На эту же тему я беседовал и с сенатором Эдгаром Инсфраном, членом Почетного правительственного совета правящей партии "Колорадо".


- Скажу откровенно, у нас еще имеется немало людей, в том числе и "наверху", которые даже слышать не хотят об установлении отношений с Россией, - сказал он. - Это атавизм. Подобная политика сегодня не имеет будущего. Мы же прекрасно видим, какие перемены происходят у вас. Поэтому я считаю, что и отношения с вашей страной для нас очень важны, и препятствий для их установления, кроме тех, о которых я только что сказал, чисто субъективных, я не вижу. Я сам с большим интересом совершил бы поездку в Москву. У вас очень "сильная" латиноамериканистика, особенно историческая, мне довелось ознакомиться с переведенными на иностранные языки работами ваших ученых и исследователей, в том числе о прошлом Парагвая, в частности, я очень высоко ценю М.С.Альперовича. Скажу вам: это замечательные труды, и я счел бы за честь познакомиться с их авторами лично. А что касается туризма, то первые парагвайцы уже побывали в Москве...


В самом деле, был уже преодолен еще недавно казавшийся неприступным барьер недоверия, предубеждений и даже страха, существовавший между нашими странами. Как все это начиналось - разговор особый. Пока же хочу поделиться некоторыми первыми впечатлениями, связанными с темой взрыва интереса ко всему русскому, советскому.


Интерес этот действительно был невероятным. Не проходило дня, чтобы газеты, радио, телевидение не публиковали или не передавали новостей из Москвы. Конечно же, столь пристальное внимание во многом было вызвано масштабом происходивших у нас перемен, их схожестью с перестройкой парагвайской. Но было и другое - прикосновение к запретному в течение стольких лет плоду, возможность наконец вкусить его и при этом не обжечься. А если говорить о предпринимателях, то тут интерес и подавно был велик и конкретен: что можно получить от развития торгово-экономических контактов с Россией?

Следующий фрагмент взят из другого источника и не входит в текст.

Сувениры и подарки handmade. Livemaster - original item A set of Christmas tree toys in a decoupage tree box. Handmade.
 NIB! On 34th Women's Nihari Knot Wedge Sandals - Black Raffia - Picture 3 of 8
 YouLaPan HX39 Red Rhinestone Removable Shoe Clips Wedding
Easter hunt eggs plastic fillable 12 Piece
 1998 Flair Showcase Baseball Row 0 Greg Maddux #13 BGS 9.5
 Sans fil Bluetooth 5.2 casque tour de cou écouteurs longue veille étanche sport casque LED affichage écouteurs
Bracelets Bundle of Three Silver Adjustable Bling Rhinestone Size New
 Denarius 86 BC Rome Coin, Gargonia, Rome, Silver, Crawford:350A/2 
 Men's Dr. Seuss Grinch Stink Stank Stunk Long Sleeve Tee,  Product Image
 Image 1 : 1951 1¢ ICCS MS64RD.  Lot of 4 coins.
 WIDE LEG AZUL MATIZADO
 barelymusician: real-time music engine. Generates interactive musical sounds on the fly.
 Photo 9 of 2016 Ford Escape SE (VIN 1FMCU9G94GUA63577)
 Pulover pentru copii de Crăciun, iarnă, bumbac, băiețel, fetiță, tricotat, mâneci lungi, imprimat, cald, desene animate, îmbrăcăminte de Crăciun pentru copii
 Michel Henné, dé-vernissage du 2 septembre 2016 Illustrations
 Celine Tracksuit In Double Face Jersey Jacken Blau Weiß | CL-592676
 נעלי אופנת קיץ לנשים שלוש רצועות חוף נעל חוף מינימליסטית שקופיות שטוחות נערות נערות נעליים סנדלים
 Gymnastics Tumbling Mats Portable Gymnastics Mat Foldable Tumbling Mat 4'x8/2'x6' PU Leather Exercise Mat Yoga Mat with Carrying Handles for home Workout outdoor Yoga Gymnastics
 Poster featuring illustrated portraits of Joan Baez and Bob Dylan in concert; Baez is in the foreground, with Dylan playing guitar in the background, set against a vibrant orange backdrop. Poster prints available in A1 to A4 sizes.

Когда я впервые появился в Асунсьоне, то, к моему удивлению, увидел повсюду афиши московского цирка. Без малейшего преувеличения, ими был оклеен весь город. Оказалось, что там только что прошли его гастроли. Успех был ошеломляющий. Во-первых, парагвайцы познакомились с цирковым искусством высокого класса, а во-вторых, и это самое главное, они впервые увидели настоящих "русских медведей", да еще в таком количестве! Очевидцы рассказывали, с каким нескрываемым, наивным любопытством рассматривали там наших ребят и девчат, как прикасались к ним: правда ли это "настоящие русские"? Не исключаю, что кто-то мог даже искать у них хвосты, рога и копыта, - ведь столько лет здесь внушали, что все "совьетикос" - исчадия ада, пособники дьявола. Да, это было первое открытие - не окнa, а лишь малюсенькой форточки в новый, доселе неведомый парагвайцам и строжайше запрещенный для них мир. А потом сюда, после гастролей в Буэнос-Айресе, нагрянул ансамбль "Гренада" и окончательно растопил и покорил сердца парагвайской публики.


Советская, российская, перестроечная тема стала модной. На улицах Асунсьона в витринах книжных магазинов можно было видеть книги М.Горбачева. Пабло Леон Буриан, хозяин одного из самых крупных книжных магазинов, рассказал, что ему несколько раз приходилось делать заказы на книги, повествующие о России и перестройке, и все они быстро распродавались. Тяга к информации о России, тем более из первых рук, была велика. Особенно в средствах массовой информации. Я уже упоминал, что своим приездом в Парагвай был обязан усилиям директора одной из крупнейших газет "AБC колор" Альдо Сукколильо. "Я хочу открыть окно в Советский Союз, - не раз говорил он мне. - И я этого добьюсь". С помощью материалов, предоставленных АПН, которое я тогда представлял, его газета напечатала серию ретроспективных статей-рассказов об СССР - от Киевской Руси до наших дней. Там же начали печатать корреспонденции московских журналистов, репортер "АБС колор" совершил поездку по России и тоже выдал серию интереснейших путевых очерков. Беседе со мной газета выделила целую полосу. Рассказывали, что в дни, когда появлялись эти материалы, тираж издания резко подскакивал, и возврата непроданных газет практически не было.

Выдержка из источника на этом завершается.